Das visuelle folgt noch, obwohl ihr das dann aj nur bewerten könnt wenn ihr auch die Arbeit gesehen habt  .

Hoffe jemand erbarmt sich.

Viele Grüße


----------



## versuch13 (2. Juli 2006)

Hi, mal abgesehen von der Rechtschreibung, dass musst du auf jeden Fall noch korrigieren, find ich es recht informativ, aber ich habe auch noch kein Vordiplom. ^^
Um wirklich beurteilen zu können ob das Konzept inhaltlich so in Ordnung ist müßte man ja auch die Präsentation kennen.


Grüße und viel Glück


----------



## Jan-Frederik Stieler (2. Juli 2006)

Hi, danke erst mal. ja das mit der Rechtschreibung hab ich grad gemerkt. Also vom Inhalt stimmt das schon. Mir ging es darum ob das nicht vielleicht schon über ein Konzept hinausgeht, vorallem der untere Bereich des Textes.
Muß mal schauen ob ich mein VD als PDF noch kleienr bekomme, hatt im Moment 36 MB.
Die Präsentation läuft an sich so ab das wir morgen die Plakate aufhängen und dann am Dienstag halt darüber vor unseren Dozenten und Zuschauern sprechen müssen, bin jetzt schon enrvös  .


----------



## versuch13 (2. Juli 2006)

Meinst du diesen Teil?



> Um den Betrachter auch die Bedeutung gewisser Erkrankungen und Sachverhalte näher zubringen habe ich neben den Tagebüchern auch einen informellen Text verwendet. Dieser soll dem Betrachter gewisse themenzpezifische Begriffe und thematisches Allgemeinwissen näher erläutern. Natürlich ist dies auf einem Plakat und in Anbetracht des sehr großen Themengebietes nur in einem gewissen Umfang möglich.

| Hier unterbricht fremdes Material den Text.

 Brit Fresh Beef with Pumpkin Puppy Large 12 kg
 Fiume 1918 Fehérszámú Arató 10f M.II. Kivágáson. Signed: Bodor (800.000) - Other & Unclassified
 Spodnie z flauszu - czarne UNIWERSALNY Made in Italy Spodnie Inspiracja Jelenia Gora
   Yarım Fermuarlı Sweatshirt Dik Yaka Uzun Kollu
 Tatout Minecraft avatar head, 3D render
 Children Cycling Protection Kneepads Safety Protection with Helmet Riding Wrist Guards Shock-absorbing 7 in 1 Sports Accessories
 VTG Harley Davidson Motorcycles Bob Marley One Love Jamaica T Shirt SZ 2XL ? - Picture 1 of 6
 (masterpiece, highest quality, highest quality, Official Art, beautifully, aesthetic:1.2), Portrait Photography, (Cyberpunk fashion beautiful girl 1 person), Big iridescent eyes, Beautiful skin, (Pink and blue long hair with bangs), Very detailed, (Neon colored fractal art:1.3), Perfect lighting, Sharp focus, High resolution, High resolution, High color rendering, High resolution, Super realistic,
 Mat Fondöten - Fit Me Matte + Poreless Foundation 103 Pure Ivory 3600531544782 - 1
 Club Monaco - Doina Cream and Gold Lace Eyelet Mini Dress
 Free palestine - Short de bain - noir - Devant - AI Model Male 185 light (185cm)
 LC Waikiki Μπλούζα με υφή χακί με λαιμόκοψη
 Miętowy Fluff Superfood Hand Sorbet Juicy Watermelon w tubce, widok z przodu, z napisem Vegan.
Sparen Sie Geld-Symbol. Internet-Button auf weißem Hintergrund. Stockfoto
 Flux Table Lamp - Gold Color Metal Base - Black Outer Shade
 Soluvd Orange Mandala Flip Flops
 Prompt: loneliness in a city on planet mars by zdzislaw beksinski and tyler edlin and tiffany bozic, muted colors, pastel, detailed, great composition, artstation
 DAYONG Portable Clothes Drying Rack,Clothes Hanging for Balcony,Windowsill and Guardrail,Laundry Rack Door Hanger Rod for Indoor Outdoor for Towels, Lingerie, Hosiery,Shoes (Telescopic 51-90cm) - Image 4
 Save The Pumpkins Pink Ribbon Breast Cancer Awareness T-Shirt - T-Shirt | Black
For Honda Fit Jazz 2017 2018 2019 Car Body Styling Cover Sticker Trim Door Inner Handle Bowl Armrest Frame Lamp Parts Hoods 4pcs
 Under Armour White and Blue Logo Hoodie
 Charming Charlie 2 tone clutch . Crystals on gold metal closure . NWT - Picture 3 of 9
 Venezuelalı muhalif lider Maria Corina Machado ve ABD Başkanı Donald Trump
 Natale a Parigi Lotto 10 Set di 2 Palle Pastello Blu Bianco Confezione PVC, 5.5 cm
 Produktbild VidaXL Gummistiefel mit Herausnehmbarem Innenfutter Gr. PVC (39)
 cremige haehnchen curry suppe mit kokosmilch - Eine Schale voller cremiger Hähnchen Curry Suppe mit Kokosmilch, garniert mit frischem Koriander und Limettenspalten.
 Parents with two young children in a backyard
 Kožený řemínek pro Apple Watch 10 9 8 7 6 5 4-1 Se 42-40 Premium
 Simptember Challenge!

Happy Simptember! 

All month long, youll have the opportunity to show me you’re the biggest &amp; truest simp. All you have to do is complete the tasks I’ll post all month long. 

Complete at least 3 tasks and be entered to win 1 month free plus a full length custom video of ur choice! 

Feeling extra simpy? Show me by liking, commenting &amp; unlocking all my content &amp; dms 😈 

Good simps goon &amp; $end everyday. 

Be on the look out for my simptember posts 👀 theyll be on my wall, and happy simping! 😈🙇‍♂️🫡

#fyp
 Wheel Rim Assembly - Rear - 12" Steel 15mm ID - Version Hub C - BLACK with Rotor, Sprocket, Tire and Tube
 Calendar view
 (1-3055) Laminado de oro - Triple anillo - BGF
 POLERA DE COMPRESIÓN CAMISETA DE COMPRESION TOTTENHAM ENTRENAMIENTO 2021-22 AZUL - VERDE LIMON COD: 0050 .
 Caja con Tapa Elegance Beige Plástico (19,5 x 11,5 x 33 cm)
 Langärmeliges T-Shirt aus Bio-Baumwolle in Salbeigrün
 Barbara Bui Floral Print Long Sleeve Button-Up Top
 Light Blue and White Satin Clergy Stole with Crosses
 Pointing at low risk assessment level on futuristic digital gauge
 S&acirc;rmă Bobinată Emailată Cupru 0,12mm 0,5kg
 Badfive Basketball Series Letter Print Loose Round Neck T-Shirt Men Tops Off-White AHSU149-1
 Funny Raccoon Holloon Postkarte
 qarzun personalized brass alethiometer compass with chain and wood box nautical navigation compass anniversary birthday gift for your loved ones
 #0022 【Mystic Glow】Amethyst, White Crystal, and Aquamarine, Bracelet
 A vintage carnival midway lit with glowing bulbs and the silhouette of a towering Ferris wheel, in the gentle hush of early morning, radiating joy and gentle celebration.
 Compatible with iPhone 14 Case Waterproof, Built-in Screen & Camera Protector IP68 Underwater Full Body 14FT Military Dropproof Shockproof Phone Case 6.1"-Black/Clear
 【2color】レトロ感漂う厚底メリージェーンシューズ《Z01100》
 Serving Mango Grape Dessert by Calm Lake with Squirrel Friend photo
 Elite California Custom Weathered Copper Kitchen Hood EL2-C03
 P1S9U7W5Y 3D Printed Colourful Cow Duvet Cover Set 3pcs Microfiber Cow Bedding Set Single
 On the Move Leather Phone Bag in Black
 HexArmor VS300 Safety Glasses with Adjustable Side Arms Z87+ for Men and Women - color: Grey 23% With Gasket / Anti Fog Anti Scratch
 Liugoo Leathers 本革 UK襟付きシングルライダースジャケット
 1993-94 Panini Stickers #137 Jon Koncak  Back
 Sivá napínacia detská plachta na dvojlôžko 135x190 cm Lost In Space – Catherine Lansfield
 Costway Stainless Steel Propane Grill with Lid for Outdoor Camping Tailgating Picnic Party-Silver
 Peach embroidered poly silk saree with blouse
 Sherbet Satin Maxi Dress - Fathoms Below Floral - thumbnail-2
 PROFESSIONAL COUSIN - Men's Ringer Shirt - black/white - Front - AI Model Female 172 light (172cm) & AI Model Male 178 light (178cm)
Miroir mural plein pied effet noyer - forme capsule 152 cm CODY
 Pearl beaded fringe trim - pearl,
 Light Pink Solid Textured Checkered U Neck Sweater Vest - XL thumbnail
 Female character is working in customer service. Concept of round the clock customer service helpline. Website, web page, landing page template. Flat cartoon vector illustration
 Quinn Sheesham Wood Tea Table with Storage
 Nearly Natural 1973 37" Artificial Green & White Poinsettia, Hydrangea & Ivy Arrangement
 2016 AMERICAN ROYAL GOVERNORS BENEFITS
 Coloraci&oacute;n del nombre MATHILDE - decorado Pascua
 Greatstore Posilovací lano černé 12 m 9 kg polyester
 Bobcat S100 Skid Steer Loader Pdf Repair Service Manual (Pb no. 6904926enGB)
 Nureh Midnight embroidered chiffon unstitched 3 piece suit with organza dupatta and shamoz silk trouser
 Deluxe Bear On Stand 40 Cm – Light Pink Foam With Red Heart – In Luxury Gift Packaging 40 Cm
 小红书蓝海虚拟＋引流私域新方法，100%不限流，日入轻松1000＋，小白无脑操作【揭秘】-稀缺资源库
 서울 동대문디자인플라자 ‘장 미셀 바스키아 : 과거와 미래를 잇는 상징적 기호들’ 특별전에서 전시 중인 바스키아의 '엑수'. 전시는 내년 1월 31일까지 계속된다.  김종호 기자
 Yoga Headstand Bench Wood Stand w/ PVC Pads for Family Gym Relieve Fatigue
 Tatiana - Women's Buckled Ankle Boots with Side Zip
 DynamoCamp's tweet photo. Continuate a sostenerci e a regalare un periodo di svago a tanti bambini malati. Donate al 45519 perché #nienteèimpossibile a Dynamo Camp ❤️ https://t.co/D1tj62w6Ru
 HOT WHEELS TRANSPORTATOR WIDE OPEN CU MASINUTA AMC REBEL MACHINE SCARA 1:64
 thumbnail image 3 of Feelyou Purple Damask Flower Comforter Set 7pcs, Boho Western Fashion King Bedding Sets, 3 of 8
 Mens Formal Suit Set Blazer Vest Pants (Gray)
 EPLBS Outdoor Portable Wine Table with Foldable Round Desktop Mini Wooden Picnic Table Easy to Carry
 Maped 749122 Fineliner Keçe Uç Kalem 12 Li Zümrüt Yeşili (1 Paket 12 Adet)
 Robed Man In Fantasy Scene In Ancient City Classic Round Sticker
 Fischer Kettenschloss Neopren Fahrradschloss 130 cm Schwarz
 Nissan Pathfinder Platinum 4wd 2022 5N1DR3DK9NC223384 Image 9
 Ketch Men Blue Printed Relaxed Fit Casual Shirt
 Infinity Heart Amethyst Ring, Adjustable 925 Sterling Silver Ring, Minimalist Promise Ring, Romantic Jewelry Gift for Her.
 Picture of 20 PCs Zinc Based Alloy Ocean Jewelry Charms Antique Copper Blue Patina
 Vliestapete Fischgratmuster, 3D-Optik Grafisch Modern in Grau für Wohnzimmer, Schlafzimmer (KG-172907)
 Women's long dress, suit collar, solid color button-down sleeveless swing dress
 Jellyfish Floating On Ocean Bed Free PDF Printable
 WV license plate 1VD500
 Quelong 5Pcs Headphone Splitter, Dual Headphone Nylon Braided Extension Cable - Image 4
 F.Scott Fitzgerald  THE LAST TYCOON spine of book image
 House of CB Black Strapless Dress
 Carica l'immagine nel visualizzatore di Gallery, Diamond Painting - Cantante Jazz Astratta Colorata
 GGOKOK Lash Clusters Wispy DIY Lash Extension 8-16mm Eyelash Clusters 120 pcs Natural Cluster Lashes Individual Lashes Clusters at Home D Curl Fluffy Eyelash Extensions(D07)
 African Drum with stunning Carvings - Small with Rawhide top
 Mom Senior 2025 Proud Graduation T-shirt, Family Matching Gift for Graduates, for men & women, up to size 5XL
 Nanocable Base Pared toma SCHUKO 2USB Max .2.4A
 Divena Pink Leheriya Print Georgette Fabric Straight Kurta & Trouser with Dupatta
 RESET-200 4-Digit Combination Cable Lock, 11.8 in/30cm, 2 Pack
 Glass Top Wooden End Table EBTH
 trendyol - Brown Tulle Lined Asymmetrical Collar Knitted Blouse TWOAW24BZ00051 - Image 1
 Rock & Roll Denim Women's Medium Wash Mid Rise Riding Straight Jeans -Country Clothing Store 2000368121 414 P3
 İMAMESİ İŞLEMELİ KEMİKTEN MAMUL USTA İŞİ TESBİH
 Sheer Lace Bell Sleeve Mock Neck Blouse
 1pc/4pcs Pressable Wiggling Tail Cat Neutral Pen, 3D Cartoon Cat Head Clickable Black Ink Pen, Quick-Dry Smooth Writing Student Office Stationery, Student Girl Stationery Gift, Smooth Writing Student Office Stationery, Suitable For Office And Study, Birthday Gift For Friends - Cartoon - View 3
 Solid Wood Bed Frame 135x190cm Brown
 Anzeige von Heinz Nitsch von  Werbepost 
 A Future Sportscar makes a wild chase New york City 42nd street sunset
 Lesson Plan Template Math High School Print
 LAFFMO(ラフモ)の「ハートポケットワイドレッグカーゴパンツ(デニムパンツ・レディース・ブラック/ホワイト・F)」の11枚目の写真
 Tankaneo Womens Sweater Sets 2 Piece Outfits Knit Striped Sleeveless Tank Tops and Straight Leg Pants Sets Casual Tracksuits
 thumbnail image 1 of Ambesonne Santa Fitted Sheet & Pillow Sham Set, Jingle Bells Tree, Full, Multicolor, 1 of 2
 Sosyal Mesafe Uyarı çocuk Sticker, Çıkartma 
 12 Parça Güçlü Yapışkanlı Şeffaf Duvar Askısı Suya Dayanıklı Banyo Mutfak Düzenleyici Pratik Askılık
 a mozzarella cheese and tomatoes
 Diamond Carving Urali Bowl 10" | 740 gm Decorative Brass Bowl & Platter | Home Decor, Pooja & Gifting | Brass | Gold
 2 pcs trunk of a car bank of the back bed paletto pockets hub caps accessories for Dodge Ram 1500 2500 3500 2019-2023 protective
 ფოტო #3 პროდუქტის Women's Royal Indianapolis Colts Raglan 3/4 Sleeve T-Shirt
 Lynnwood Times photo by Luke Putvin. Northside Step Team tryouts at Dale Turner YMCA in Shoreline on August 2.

--> Ich denke dass ist so in Ordnung, du gehst ja auf die verwendeten Mittel ein.



Wenn etwas zu weit geht, ist das dieser Teil hier:



> Das Thema wird in unserer Gesellschaft auch immer wichtiger da ein großer Anteil der Bevölkerung, sogar auch schon viele Kinder und Jugendliche unter Essstörungen, oft einhergehend mit einem gesundheitsschädlichen Übergewicht leiden. Viele Menschen nehmen diese Entwicklung nur schehmenhaft war und realisieren garnicht wie wichtig dieses Thema ist, da schon ein Übergewicht von 20 Kg das Risiko zu Erkranken um 50% steigert.


----------



## Jan-Frederik Stieler (2. Juli 2006)

Ich meinte den Teil:


> Das Thema wird in unserer Gesellschaft auch immer wichtiger da ein großer Anteil der Bevölkerung, sogar auch schon viele Kinder und Jugendliche unter Essstörungen, oft einhergehend mit einem gesundheitsschädlichen Übergewicht leiden. Viele Menschen nehmen diese Entwicklung nur schehmenhaft war und realisieren garnicht wie wichtig dieses Thema ist, da schon ein Übergewicht von 20 Kg das Risiko zu Erkranken um 50% steigert.


Ich denke ich werde ihn raus nehmen, der Text funktioniert ja auch ohne dem Teil. Und die Länge des Textes insgesammt passt dann auch wieder auf das DinA4 Format. Weil ich muß den Text noch ins Englische übersetzen.


----------